Тѣ, кому слова: "сороковой годъ", "Александринскій театръ", "Гальони", балетъ -- не пустой звукъ, кто влюбленъ въ "золотую театральную пыль", кого волнуютъ рисунки А. Бенуа и М. Добужинскаго, заставляютъ сладко и нѣсколько опасно мечтать разсказы С. Ауслендера, кто и теперь задумывается, видя театральный разъѣздъ послѣ балета,-- тѣ поймутъ и оцѣнятъ милую и плѣнительную "Путаницу" Юрія Бѣляева. Мы не знаемъ, можно ли воскресить старинный водевиль,-- безгрѣшное "дурачество" прежнихъ лѣтъ, безъ рискованныхъ мѣстъ, раздѣваній и т. п. аттрибутовъ современнаго фарса, но благодарны отъ души автору, заставившему насъ снова улыбнуться и вздохнуть, какъ вздыхаешь въ дѣтствѣ, засыпая послѣ веселаго дня. Это -- не только самая свѣжая и интересная вещь изъ репертуара Малаго театра, но и между русскими пьесами другихъ театровъ мы не знаемъ за этотъ годъ болѣе милаго, трогательнаго и дѣтски-плѣлительнаго зрѣлища. Г-жа Глѣбова, дебютировавшая въ роли "Путаницы", внесла все старомодное очарованіе, лукавое простодушіе и манерное кокетство въ свои интонаціи, жесты и танцы. Лучшей "Путаницы" мы бы не могли представить. Всѣ, въ комъ жива любовь къ богатству, завѣщанному намъ дѣдами и отцами, не могутъ не быть благодарны Ю. Бѣляеву, О. Глѣбовой и милому сороковому году за тотъ цвѣточекъ, что такъ неожиданно разцвѣлъ въ стѣнахъ Малаго театра.
ЦЕЗАРЬ И КЛЕОПАТРА
Мысль найти въ герояхъ, которыхъ мы привыкли видѣть на пьедесталѣ исторіи и поэзіи, черты, близкія и понятныя намъ, можетъ быть использована или какъ пріемъ сатиры, или какъ средство приблизить ихъ, этихъ героевъ къ нашему времени, сдѣлать ихъ интимнѣе и проще. Оба эти пріема, доведенные до крайности, даютъ художественныя формы не высшаго порядка. Съ одной стороны,оперетка Оффенбаха, съ другой -- романы Эберса. Но первое зло -- меньшее, потому что безвкуснѣе, чѣмъ Эберсовское перенесеніе цѣликомъ въ атмосферу древности современнаго буржуазнаго общества, я ничего не могу себѣ представить. Б. Шоу избралъ средній путь или, вѣрнѣе, захотѣлъ соединить оба эти пріема, не доводя ни одного изъ нихъ до конца. И это сидѣнье между двухъ стульевъ не могло не отразиться на пьесѣ, впадающей то въ фарсъ, то въ мѣщанскую современную драму.
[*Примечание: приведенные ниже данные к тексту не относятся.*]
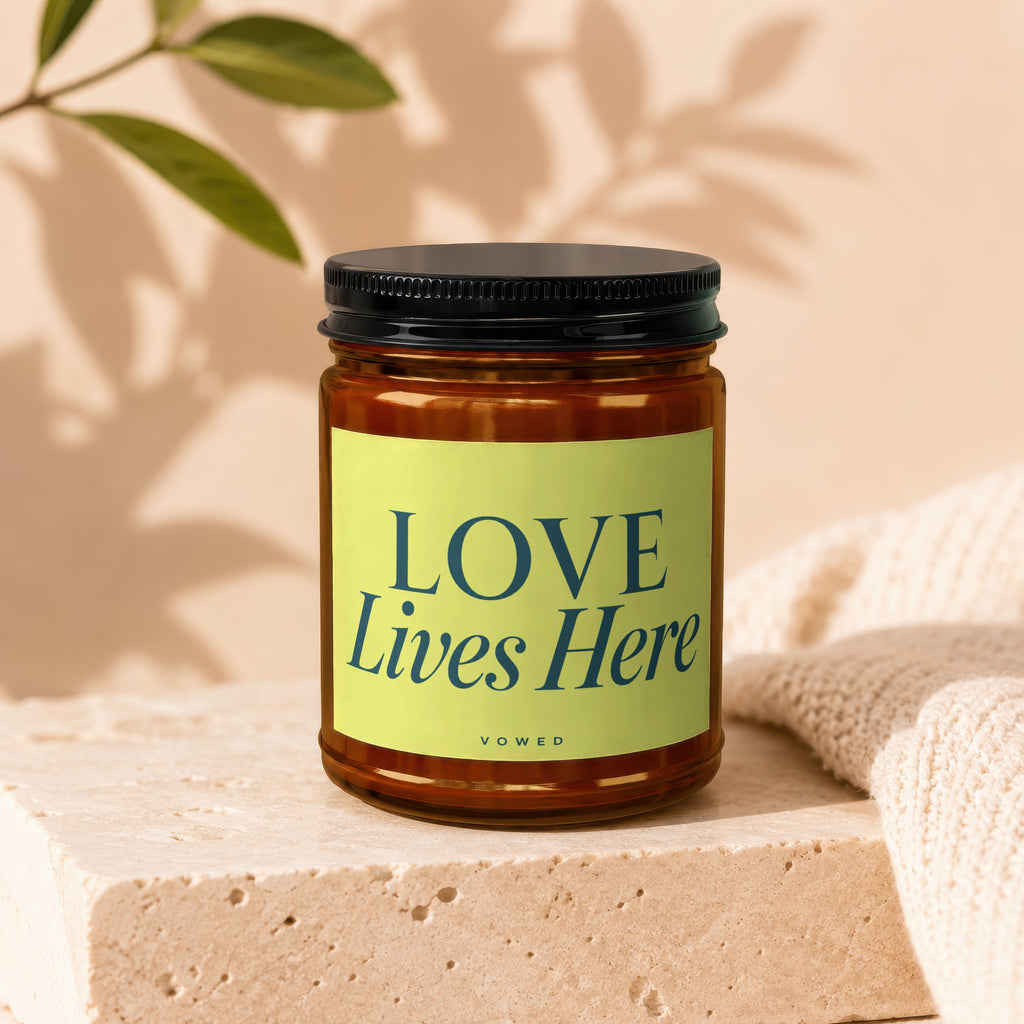 Amber candle in jar with "LOVE Lives Here" label, on cream stone and textile.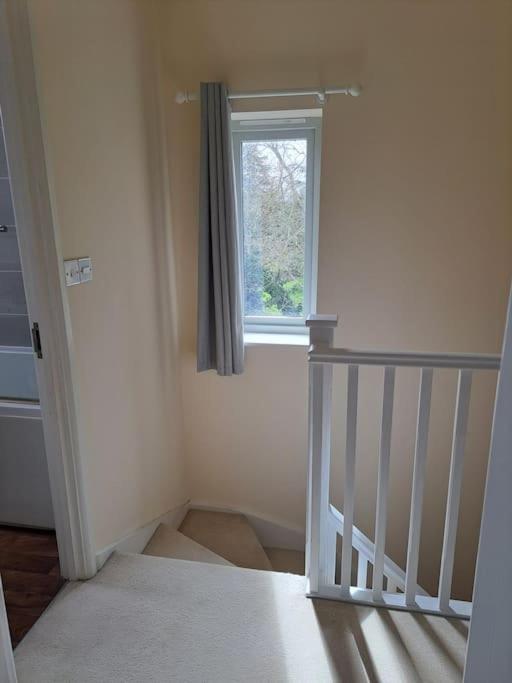 Vibrant Coastal Village Retreat- private parking view 4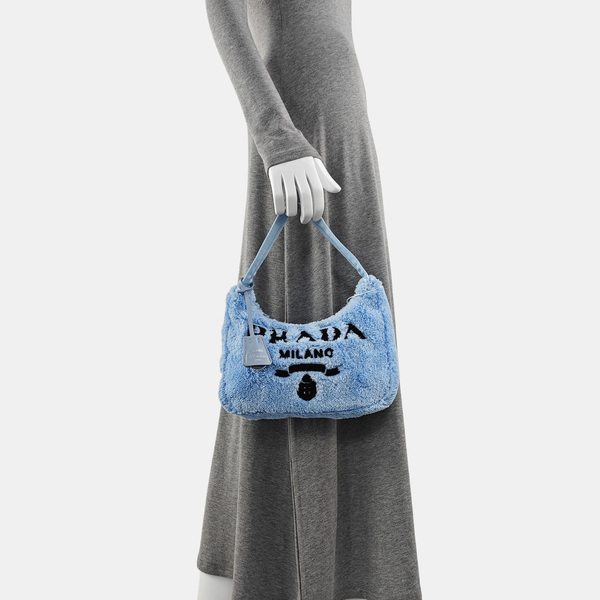 Authenticated pre-owned  Re-Edition2000 Mini Terry Cloth Blue - Top Handle Bag at Looply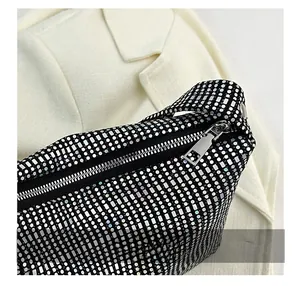 Detail shot of smooth silver zipper and sparkling rhinestones on the black handbag
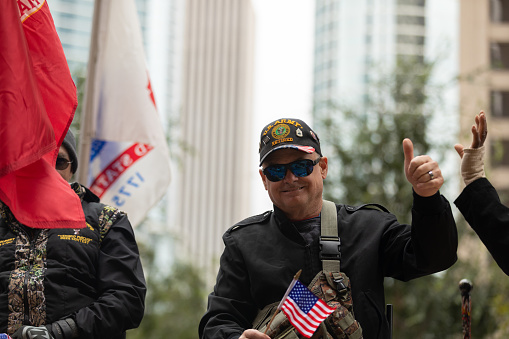 Houston, Texas, USA - November 11, 2018: The American Heroes Parade, A Dodge, Ram, pulling a trailer transporting Paralyzed Military veterans
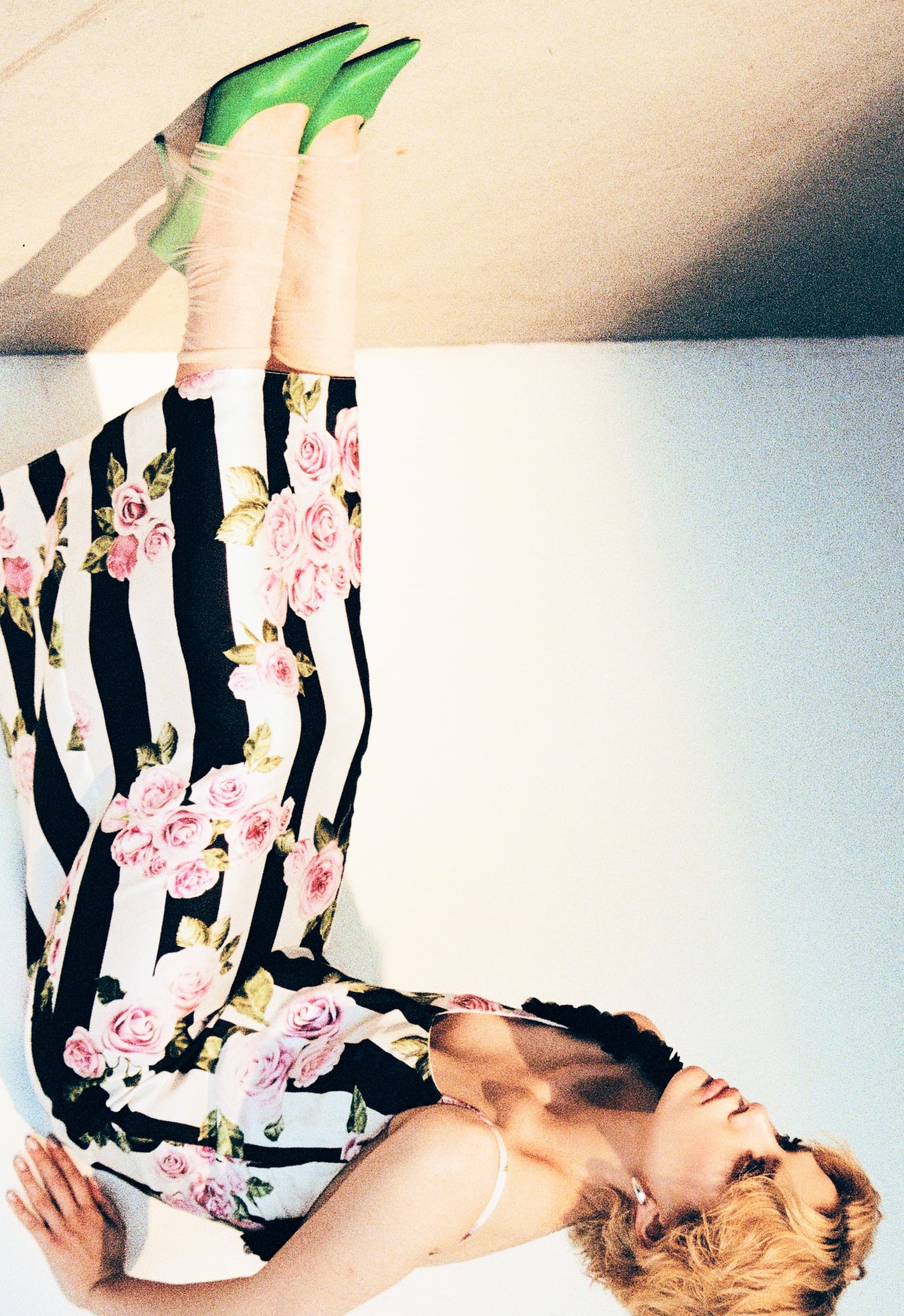 Woman wearing floral striped dress and green heels, leaning on a white wall.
Конечно, рука опытнаго, не особенно тонкаго сатирика и большого знатока сцены видна и въ этой пьесѣ, и многія сцены такъ ловко и умно сдѣланы, что заставляютъ внимательно слѣдить за ними.
Эта двойственность повліяла и на исполнителей, позволяя имъ то впадать въ невозможно бытовой тонъ, то возвышенно декламировать. Притомъ внѣшнія данныя г-жи Садовской, напримѣръ, очень далеки отъ соотвѣтствія съ образомъ 16-тилѣтней чаровательницы Клеопатры; также и г. Александровскій, не плохой актеръ на своемъ мѣстѣ, былъ не совсѣмъ умѣстенъ въ роли Цезаря, хотя бы и въ комедіи Б. Шоу. Выдѣлились на второстепенныхъ роляхъ гг. Бережной и Гибшманъ такъ же, какъ и г-жа Климова, исполнявшая роль царя Птоломея. Вся постановка задумана въ довольно неожиданномъ тонѣ, въ тонѣ варварской экзотики. Мы не знаемъ, на чемъ основана эта точка зрѣнія,такъ какъ Египтяне и Римляне того времени не были другъ для друга варварами, а отношенія Александріи и Рима скорѣе напоминали современныя отношенія Лондона и Парижа, но если принять эту точку зрѣнія, то многое было достигнуто. И безмысленный хохотъ голубыхъ солдатъ, визги женщинъ, появленіе Фтататиты и дикая, пугающая музыка, небывалое Судейкинское небо и яркіе Сануновскіе паруса производили странное и неожиданное впечатлѣніе. Оно проходило, какъ только выступали главные персонажи, но мѣстами достигало значительной остроты и силы, и въ данномъ отношеніи очевидный замыселъ Ѳ. Комисаржевскаго и художниковъ былъ достаточно осуществленъ.